Stored entries
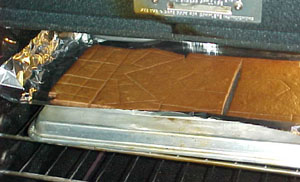 We had made a mock-up of cardboard first. Then we made a partial mock-up of gingerbread to try it out. We used the cardboard as patterns and cut out the gingebread, baked it, then cut it out again. Leaving edges helped to keep it strong and straight. Here's a picture of the baking process.
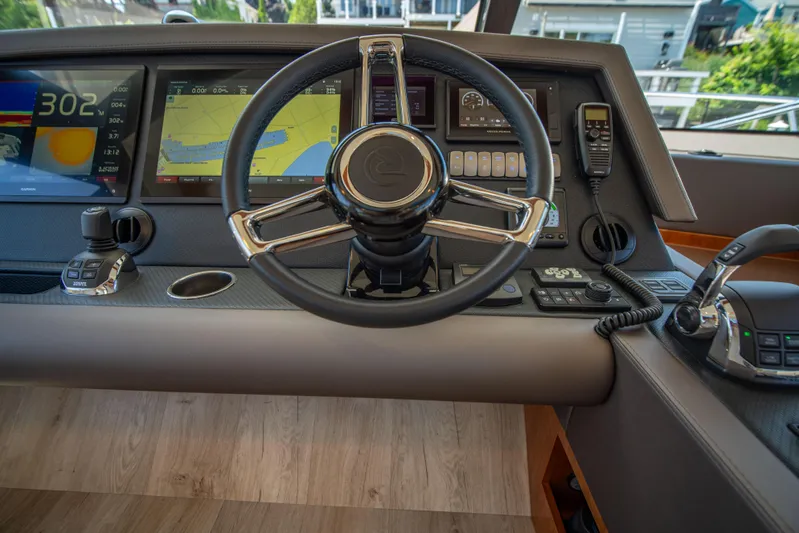  Yacht Photos Pics 2020 Riviera 525 SUV helm with advanced navigation and control systems.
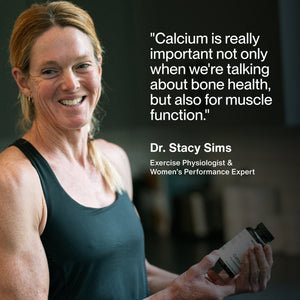 Woman holding a bottle of Calcium supplements smiling, with quote from Dr. Stacy Sims about Calcium’s importance for bone health and muscle function.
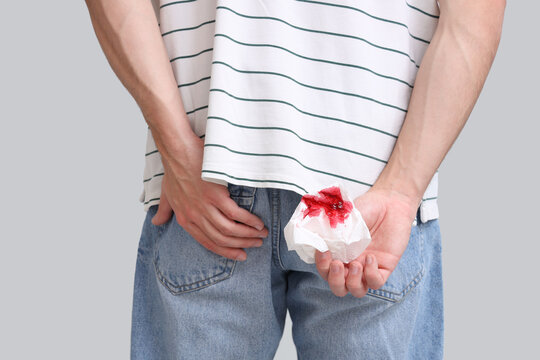 Young man holding paper with blood on light background, back view. Hemorrhoids concept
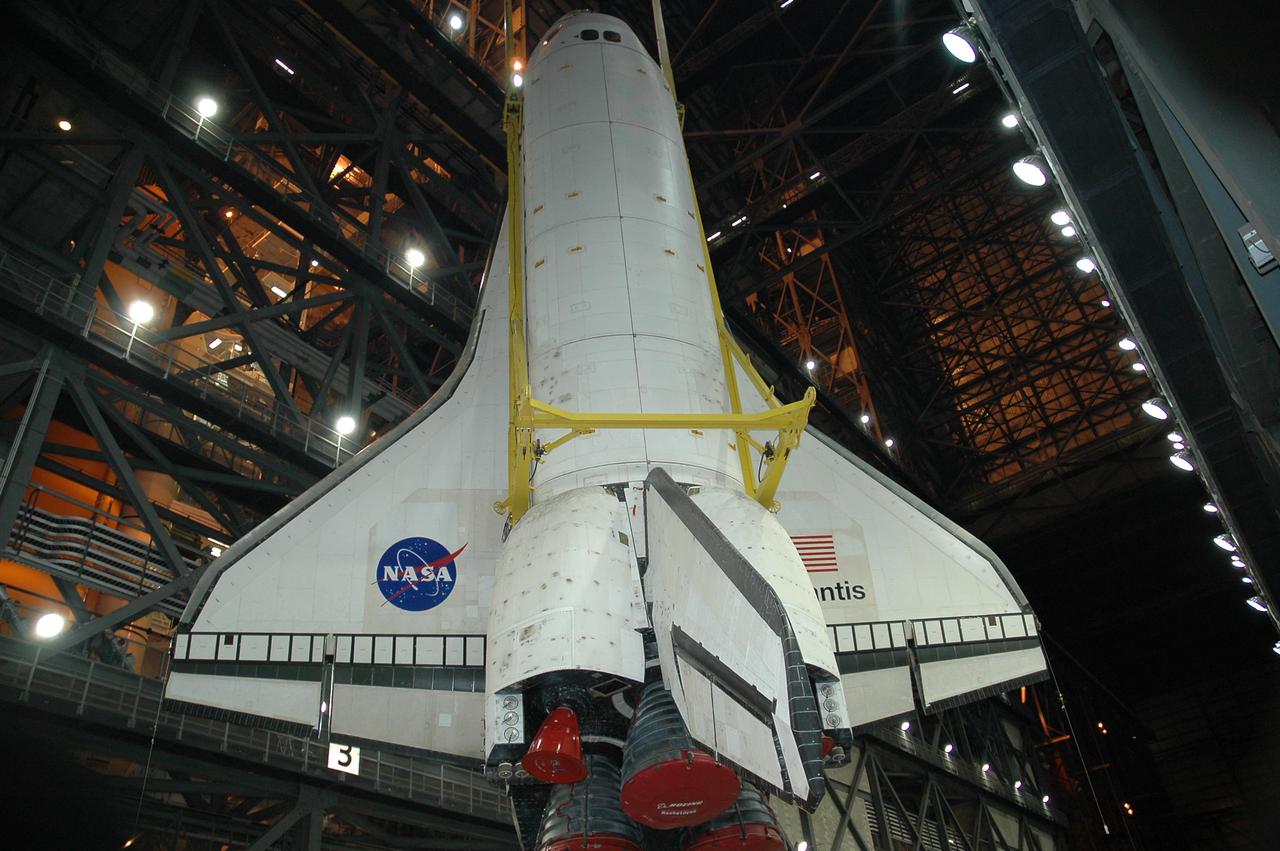 KENNEDY SPACE CENTER, FLA. - Atlantis is slowly lifted into the upper expanse of the Vehicle Assembly Building at NASA Kennedy Space Center.  The orbiter will be lifted over the cross-beam into high bay 1 and mated with the Solid Rocket Boosters and External Tank already stacked there on the Mobile Launcher Platform.  Atlantis is the designated orbiter for Return to Flight mission STS-121.  The lighted planning window for launch extends from Sept. 9 to Sept. 25.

**To do**
Transcribe every line in the entries above, taking out only the images.

**Result**
 We had made a mock-up of cardboard first. Then we made a partial mock-up of gingerbread to try it out. We used the cardboard as patterns and cut out the gingebread, baked it, then cut it out again. Leaving edges helped to keep it strong and straight. Here's a picture of the baking process.
  Yacht Photos Pics 2020 Riviera 525 SUV helm with advanced navigation and control systems.
 Woman holding a bottle of Calcium supplements smiling, with quote from Dr. Stacy Sims about Calcium’s importance for bone health and muscle function.
 Young man holding paper with blood on light background, back view. Hemorrhoids concept
 KENNEDY SPACE CENTER, FLA. - Atlantis is slowly lifted into the upper expanse of the Vehicle Assembly Building at NASA Kennedy Space Center.  The orbiter will be lifted over the cross-beam into high bay 1 and mated with the Solid Rocket Boosters and External Tank already stacked there on the Mobile Launcher Platform.  Atlantis is the designated orbiter for Return to Flight mission STS-121.  The lighted planning window for launch extends from Sept. 9 to Sept. 25.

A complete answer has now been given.